A peristaltic pump 12 of the present invention will now be described in greater detail in relation to FIGS. 2-5. The peristaltic pump includes a removable pump head or cartridge assembly 24 which is mounted to a motor 26. The fluid supply line 20 and fluid delivery line 22 are coupled to a pair of connecting members or tube fittings 28 which extend from within the cartridge 24. In the present embodiment, the exterior of tube fittings 28 is threaded and the supply and delivery lines are provided with a tube coupler 30. The interior of tube coupler 30 is threaded complementary to tube fittings 28. The fluid lines are connected to the peristaltic pump simply by screwing the tube couplers onto the connecting member. The cooperating tube couplers 30 and connecting member 28 provide a convenient and efficient method of securing the fluid lines to the pump 12. However, other known means for coupling together tubing may be substituted for the couplers 30 and the tube fittings shown in the illustrated embodiment.
In the preferred embodiment, the main pump head components are contained within the removable cartridge. Turning particularly to FIGS. 3 and 5, cartridge assembly 24 includes a length of flexible tubing 32 positioned within a housing 34. The housing has an interior peripheral wall 36 which defines a central cavity 38. As is shown in FIG. 5, the housing 34 includes two members, a cover 70 and a back plate 72 coupled to the cover by a screw 74. A cylindrical pin or shaft 40 is mounted to the cover 70 of the housing, projecting into cavity 38. The pin 40 is fixedly secured to the housing cover 70, forming an integral part of the housing 36. The cylindrical pin 40 may be press fit into an aperture formed in the cover 70 of the housing. Alternatively, the pin 40 may be mounted to the housing 34 using other securement means such as adhesive and the like.

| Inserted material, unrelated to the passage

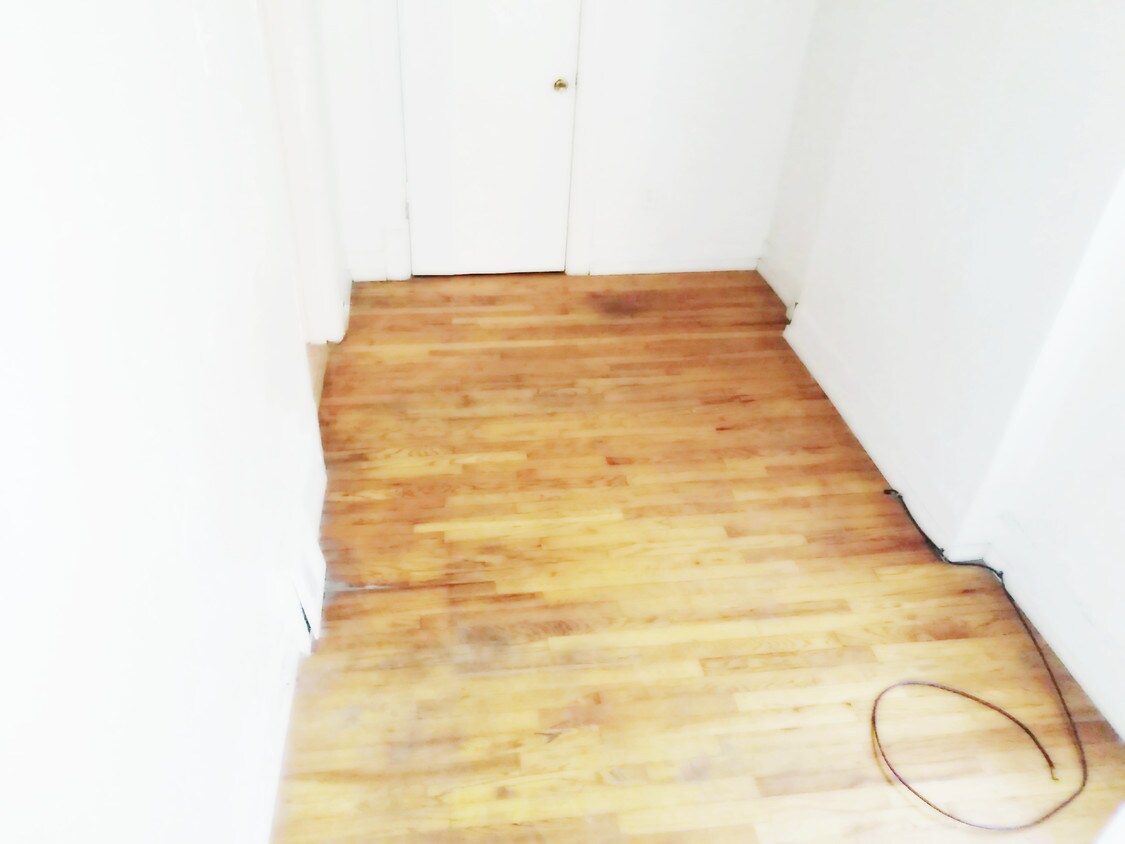 Primary Photo - 943 Catalpa St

A rotor assembly 42 mounted to the cylindrical pin 40 compresses the tubing against the housing wall with rollers 44 and 46. By squeezing the tubing, the inner wall is collapsed (FIG. 4), capturing the fluid between the opposed rollers. During operation of the pump, the rotor assembly is rotated about the fixed pin 40 relative to the tubing 32. One advantage of the fixed pin 40 is that the need for bearings for supporting a rotating pin is avoided. Thus, the cartridge assembly is easier and less expensive to manufacture. The rollers 44 and 46 successively compress consecutive sections of tubing as the rotor assembly is rotated, propelling forward any fluid in front of the rollers. A measurable amount of fluid is contained within the tubing between the opposed rollers. With each rotation of the rotor assembly 42, a known volume of fluid is transported through the pump. By driving the rotor assembly through a specified number of rotations, the required amount of fluid is transported to the delivery fluid line 22.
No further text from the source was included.